Crabb's led over the brook, followed by Burnt Sienna, La Gazza Ladra, Maurice Daley, Bourton and Pride Of The North. but at the next fence, La Gazza Ladra refused, causing a pile up of baulked horses behind her as Royalty, Star Of England, Pride Of The North and Timothy were all brought to a standstill with no chance of clearing the Bank, while Geraldus was also badly impeded.

The fourteen who avoided the melee continued with Burnt Sienna upping the pace and opening up a six length advantage over Valentine's, with Crabbs another six lengths to the good over Lady Arthur and the rest of the field.
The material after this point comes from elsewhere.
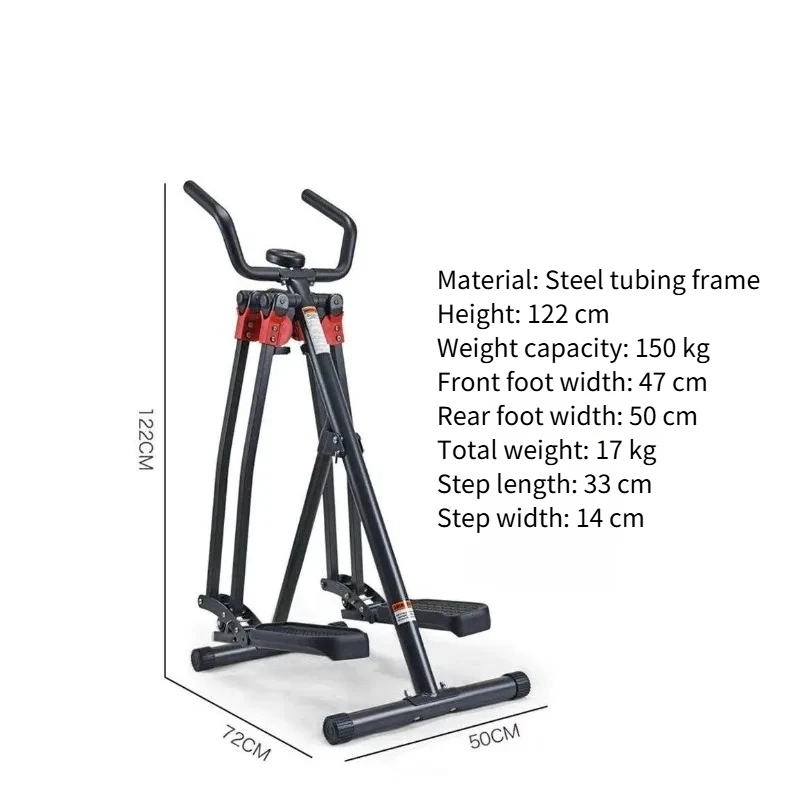 Home Fitness Air Walker Elliptical Stepper- Low-Impact Total Body Exercise Machine, Portable Indoor Cardio Equipment for Seniors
On re-entering the racecourse, the field began to bunch up again with Burnt Sienna's lead reduced to two lengths by the time she cleared the hurdle at the distance chair and the Artificial water jump. Lady Arthur lay 2nd, Spring 3rd, Bourton 4th, Maley 5th, Crabbs 6th and Cockcrow 7th. Geraldus lay 8th with Peter Simple 9th, Oscar 10th, Peter 11th and Half And Half 12th. The remainder were struggling adrift of the field with Maurice Daley 13th, La Gazza Ladra 14th, Star Of England 15th, Pride Of The North 16th and Shillibeer 17th and Bedford bringing up the rear while Timothy and Royalty were out of the race.

Burnt Sienna continued to make the running down to Becher's for the second time while behind her a gap left in the post and rails on the first circuit was aimed for by both Oscar and Peter. The pair collided, the former taking a bad fall, which left the horse with a nasty gash on his leg and jockey, Darling with a lacerated chin and neck, although, the crowd were pleased to see him quickly back on his feet and neither he nor the horse seriously hurt.

Burnt Sienna led Crabbs, Bourton, Lady Arthur and Maley over Bechers, while sixth placed Cockcrow's race ended with a fall the Bank. Tail ender Bedford suffered a horrible looking broken pastern injury at the Bank and ditch, causing him to fall, the vet having to euthanise the hose.

Burnt Sienna was still setting a good pace over the Extreme turn and Valentine's Brook before the long time leader's stride began to shorten approaching the Canal Bridge. Crabbs, Bourton, Spring, Maley, Peter Simple and Lady Arthur all poised to make their bid to win the race.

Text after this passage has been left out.